- **What this task involves**:
Look through the listing below for lines containing "Vintage". State how many there are, and nothing else.

- **Entries provided**:
--------------------------------

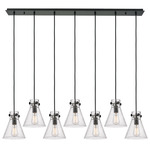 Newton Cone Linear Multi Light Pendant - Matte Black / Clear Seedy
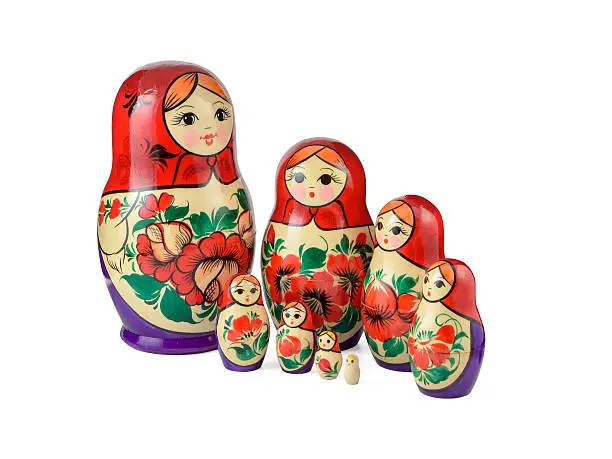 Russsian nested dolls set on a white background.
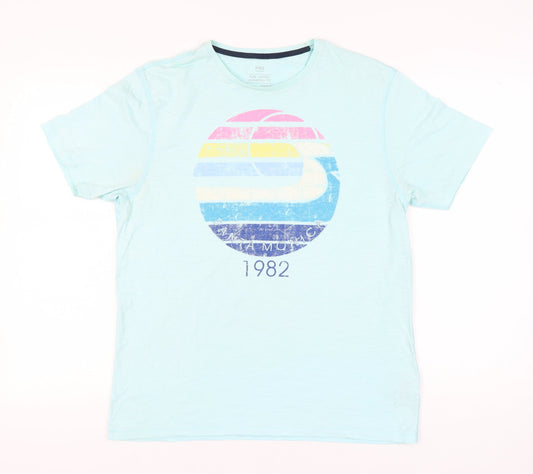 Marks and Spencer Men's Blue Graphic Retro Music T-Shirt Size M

--------------------------------

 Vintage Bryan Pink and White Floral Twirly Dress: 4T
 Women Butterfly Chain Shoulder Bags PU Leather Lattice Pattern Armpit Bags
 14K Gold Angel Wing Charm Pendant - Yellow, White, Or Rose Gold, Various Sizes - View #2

--------------------------------

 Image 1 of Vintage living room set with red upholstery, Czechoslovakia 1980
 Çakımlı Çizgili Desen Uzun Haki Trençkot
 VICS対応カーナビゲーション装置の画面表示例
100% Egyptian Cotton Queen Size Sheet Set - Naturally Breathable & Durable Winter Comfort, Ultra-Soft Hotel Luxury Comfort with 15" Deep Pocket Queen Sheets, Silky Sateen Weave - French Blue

--------------------------------

- **Task result**:
2